EXERCISE INPUT:

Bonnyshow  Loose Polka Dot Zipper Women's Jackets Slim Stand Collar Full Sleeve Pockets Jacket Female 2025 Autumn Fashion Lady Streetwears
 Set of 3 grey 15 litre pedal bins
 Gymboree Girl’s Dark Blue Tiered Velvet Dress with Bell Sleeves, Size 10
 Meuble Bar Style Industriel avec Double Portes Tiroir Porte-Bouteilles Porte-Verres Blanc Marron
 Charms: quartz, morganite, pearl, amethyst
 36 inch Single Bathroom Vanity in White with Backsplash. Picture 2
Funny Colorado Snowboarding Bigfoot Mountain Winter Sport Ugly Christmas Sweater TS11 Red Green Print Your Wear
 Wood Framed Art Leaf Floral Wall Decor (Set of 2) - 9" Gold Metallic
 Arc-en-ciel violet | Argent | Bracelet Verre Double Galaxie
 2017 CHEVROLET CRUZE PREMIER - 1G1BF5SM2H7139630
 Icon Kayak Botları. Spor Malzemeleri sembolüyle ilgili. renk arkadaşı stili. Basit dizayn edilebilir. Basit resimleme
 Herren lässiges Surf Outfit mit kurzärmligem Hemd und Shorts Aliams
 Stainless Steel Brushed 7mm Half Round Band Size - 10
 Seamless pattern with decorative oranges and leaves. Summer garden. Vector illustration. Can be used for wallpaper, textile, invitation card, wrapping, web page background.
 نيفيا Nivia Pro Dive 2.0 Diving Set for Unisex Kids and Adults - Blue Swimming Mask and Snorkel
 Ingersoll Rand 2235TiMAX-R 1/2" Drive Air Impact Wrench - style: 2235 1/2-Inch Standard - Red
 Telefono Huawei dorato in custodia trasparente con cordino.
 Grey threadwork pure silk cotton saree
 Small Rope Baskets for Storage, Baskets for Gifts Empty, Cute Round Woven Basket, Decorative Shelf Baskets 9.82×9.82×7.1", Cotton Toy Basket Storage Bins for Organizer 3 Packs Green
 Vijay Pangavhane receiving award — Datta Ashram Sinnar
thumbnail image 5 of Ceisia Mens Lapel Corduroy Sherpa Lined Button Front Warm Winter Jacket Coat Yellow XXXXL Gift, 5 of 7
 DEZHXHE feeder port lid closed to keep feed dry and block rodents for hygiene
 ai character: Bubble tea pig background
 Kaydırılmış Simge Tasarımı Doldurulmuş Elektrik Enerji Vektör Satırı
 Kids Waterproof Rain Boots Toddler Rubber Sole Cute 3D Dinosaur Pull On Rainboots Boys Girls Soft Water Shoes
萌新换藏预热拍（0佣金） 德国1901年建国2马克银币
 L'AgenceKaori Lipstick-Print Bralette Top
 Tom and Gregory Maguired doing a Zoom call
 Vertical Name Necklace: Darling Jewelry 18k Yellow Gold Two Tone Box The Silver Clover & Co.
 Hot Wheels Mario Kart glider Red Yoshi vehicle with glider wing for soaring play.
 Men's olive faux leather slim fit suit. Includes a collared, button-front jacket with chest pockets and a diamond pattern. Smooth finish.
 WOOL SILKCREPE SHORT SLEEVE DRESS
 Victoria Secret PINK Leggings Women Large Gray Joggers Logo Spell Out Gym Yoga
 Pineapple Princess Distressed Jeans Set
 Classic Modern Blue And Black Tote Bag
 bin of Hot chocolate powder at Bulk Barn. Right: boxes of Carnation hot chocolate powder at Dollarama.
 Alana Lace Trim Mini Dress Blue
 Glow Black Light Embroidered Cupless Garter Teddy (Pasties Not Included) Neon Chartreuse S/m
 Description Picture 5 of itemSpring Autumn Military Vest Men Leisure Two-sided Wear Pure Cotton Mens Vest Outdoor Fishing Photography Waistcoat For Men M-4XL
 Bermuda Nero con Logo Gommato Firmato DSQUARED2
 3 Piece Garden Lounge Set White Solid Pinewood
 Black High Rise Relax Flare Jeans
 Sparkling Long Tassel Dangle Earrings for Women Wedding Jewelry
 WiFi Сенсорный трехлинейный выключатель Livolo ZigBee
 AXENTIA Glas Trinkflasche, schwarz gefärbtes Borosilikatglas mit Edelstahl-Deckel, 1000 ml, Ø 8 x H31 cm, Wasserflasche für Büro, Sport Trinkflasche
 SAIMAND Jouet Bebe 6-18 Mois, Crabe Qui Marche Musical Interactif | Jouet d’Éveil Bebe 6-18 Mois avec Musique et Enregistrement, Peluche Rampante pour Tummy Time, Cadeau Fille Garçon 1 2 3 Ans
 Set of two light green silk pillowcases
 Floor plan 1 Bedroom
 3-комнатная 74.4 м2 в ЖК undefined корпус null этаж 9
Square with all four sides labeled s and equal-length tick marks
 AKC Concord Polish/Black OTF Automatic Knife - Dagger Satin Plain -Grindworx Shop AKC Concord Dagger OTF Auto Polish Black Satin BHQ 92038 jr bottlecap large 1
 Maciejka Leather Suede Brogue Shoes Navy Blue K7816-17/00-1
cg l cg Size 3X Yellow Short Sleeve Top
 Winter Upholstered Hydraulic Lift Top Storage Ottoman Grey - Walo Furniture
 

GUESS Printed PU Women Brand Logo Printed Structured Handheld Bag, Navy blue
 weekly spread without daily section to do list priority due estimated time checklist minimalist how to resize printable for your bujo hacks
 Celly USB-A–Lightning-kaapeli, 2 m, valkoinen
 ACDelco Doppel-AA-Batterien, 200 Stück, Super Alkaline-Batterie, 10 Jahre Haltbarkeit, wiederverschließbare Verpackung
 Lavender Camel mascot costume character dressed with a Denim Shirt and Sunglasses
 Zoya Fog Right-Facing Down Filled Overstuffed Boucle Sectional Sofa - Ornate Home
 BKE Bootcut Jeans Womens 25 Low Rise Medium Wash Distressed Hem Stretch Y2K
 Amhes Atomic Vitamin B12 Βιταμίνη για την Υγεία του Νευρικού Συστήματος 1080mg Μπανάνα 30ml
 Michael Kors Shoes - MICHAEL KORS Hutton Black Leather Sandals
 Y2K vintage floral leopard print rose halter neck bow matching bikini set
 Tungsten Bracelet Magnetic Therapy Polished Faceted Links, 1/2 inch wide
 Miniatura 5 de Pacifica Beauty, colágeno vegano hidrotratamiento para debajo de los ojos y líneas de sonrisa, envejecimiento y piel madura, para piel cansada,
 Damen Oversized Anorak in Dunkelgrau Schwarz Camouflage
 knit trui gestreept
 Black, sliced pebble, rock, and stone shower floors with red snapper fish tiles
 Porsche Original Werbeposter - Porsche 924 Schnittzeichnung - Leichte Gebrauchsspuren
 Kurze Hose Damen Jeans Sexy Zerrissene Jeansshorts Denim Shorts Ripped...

WHAT YOU WILL DO: Without changing a single word, reproduce the entries above.

RESPONSE TO THIS EXERCISE:
Bonnyshow  Loose Polka Dot Zipper Women's Jackets Slim Stand Collar Full Sleeve Pockets Jacket Female 2025 Autumn Fashion Lady Streetwears
 Set of 3 grey 15 litre pedal bins
 Gymboree Girl’s Dark Blue Tiered Velvet Dress with Bell Sleeves, Size 10
 Meuble Bar Style Industriel avec Double Portes Tiroir Porte-Bouteilles Porte-Verres Blanc Marron
 Charms: quartz, morganite, pearl, amethyst
 36 inch Single Bathroom Vanity in White with Backsplash. Picture 2
Funny Colorado Snowboarding Bigfoot Mountain Winter Sport Ugly Christmas Sweater TS11 Red Green Print Your Wear
 Wood Framed Art Leaf Floral Wall Decor (Set of 2) - 9" Gold Metallic
 Arc-en-ciel violet | Argent | Bracelet Verre Double Galaxie
 2017 CHEVROLET CRUZE PREMIER - 1G1BF5SM2H7139630
 Icon Kayak Botları. Spor Malzemeleri sembolüyle ilgili. renk arkadaşı stili. Basit dizayn edilebilir. Basit resimleme
 Herren lässiges Surf Outfit mit kurzärmligem Hemd und Shorts Aliams
 Stainless Steel Brushed 7mm Half Round Band Size - 10
 Seamless pattern with decorative oranges and leaves. Summer garden. Vector illustration. Can be used for wallpaper, textile, invitation card, wrapping, web page background.
 نيفيا Nivia Pro Dive 2.0 Diving Set for Unisex Kids and Adults - Blue Swimming Mask and Snorkel
 Ingersoll Rand 2235TiMAX-R 1/2" Drive Air Impact Wrench - style: 2235 1/2-Inch Standard - Red
 Telefono Huawei dorato in custodia trasparente con cordino.
 Grey threadwork pure silk cotton saree
 Small Rope Baskets for Storage, Baskets for Gifts Empty, Cute Round Woven Basket, Decorative Shelf Baskets 9.82×9.82×7.1", Cotton Toy Basket Storage Bins for Organizer 3 Packs Green
 Vijay Pangavhane receiving award — Datta Ashram Sinnar
thumbnail image 5 of Ceisia Mens Lapel Corduroy Sherpa Lined Button Front Warm Winter Jacket Coat Yellow XXXXL Gift, 5 of 7
 DEZHXHE feeder port lid closed to keep feed dry and block rodents for hygiene
 ai character: Bubble tea pig background
 Kaydırılmış Simge Tasarımı Doldurulmuş Elektrik Enerji Vektör Satırı
 Kids Waterproof Rain Boots Toddler Rubber Sole Cute 3D Dinosaur Pull On Rainboots Boys Girls Soft Water Shoes
萌新换藏预热拍（0佣金） 德国1901年建国2马克银币
 L'AgenceKaori Lipstick-Print Bralette Top
 Tom and Gregory Maguired doing a Zoom call
 Vertical Name Necklace: Darling Jewelry 18k Yellow Gold Two Tone Box The Silver Clover & Co.
 Hot Wheels Mario Kart glider Red Yoshi vehicle with glider wing for soaring play.
 Men's olive faux leather slim fit suit. Includes a collared, button-front jacket with chest pockets and a diamond pattern. Smooth finish.
 WOOL SILKCREPE SHORT SLEEVE DRESS
 Victoria Secret PINK Leggings Women Large Gray Joggers Logo Spell Out Gym Yoga
 Pineapple Princess Distressed Jeans Set
 Classic Modern Blue And Black Tote Bag
 bin of Hot chocolate powder at Bulk Barn. Right: boxes of Carnation hot chocolate powder at Dollarama.
 Alana Lace Trim Mini Dress Blue
 Glow Black Light Embroidered Cupless Garter Teddy (Pasties Not Included) Neon Chartreuse S/m
 Description Picture 5 of itemSpring Autumn Military Vest Men Leisure Two-sided Wear Pure Cotton Mens Vest Outdoor Fishing Photography Waistcoat For Men M-4XL
 Bermuda Nero con Logo Gommato Firmato DSQUARED2
 3 Piece Garden Lounge Set White Solid Pinewood
 Black High Rise Relax Flare Jeans
 Sparkling Long Tassel Dangle Earrings for Women Wedding Jewelry
 WiFi Сенсорный трехлинейный выключатель Livolo ZigBee
 AXENTIA Glas Trinkflasche, schwarz gefärbtes Borosilikatglas mit Edelstahl-Deckel, 1000 ml, Ø 8 x H31 cm, Wasserflasche für Büro, Sport Trinkflasche
 SAIMAND Jouet Bebe 6-18 Mois, Crabe Qui Marche Musical Interactif | Jouet d’Éveil Bebe 6-18 Mois avec Musique et Enregistrement, Peluche Rampante pour Tummy Time, Cadeau Fille Garçon 1 2 3 Ans
 Set of two light green silk pillowcases
 Floor plan 1 Bedroom
 3-комнатная 74.4 м2 в ЖК undefined корпус null этаж 9
Square with all four sides labeled s and equal-length tick marks
 AKC Concord Polish/Black OTF Automatic Knife - Dagger Satin Plain -Grindworx Shop AKC Concord Dagger OTF Auto Polish Black Satin BHQ 92038 jr bottlecap large 1
 Maciejka Leather Suede Brogue Shoes Navy Blue K7816-17/00-1
cg l cg Size 3X Yellow Short Sleeve Top
 Winter Upholstered Hydraulic Lift Top Storage Ottoman Grey - Walo Furniture
 

GUESS Printed PU Women Brand Logo Printed Structured Handheld Bag, Navy blue
 weekly spread without daily section to do list priority due estimated time checklist minimalist how to resize printable for your bujo hacks
 Celly USB-A–Lightning-kaapeli, 2 m, valkoinen
 ACDelco Doppel-AA-Batterien, 200 Stück, Super Alkaline-Batterie, 10 Jahre Haltbarkeit, wiederverschließbare Verpackung
 Lavender Camel mascot costume character dressed with a Denim Shirt and Sunglasses
 Zoya Fog Right-Facing Down Filled Overstuffed Boucle Sectional Sofa - Ornate Home
 BKE Bootcut Jeans Womens 25 Low Rise Medium Wash Distressed Hem Stretch Y2K
 Amhes Atomic Vitamin B12 Βιταμίνη για την Υγεία του Νευρικού Συστήματος 1080mg Μπανάνα 30ml
 Michael Kors Shoes - MICHAEL KORS Hutton Black Leather Sandals
 Y2K vintage floral leopard print rose halter neck bow matching bikini set
 Tungsten Bracelet Magnetic Therapy Polished Faceted Links, 1/2 inch wide
 Miniatura 5 de Pacifica Beauty, colágeno vegano hidrotratamiento para debajo de los ojos y líneas de sonrisa, envejecimiento y piel madura, para piel cansada,
 Damen Oversized Anorak in Dunkelgrau Schwarz Camouflage
 knit trui gestreept
 Black, sliced pebble, rock, and stone shower floors with red snapper fish tiles
 Porsche Original Werbeposter - Porsche 924 Schnittzeichnung - Leichte Gebrauchsspuren
 Kurze Hose Damen Jeans Sexy Zerrissene Jeansshorts Denim Shorts Ripped...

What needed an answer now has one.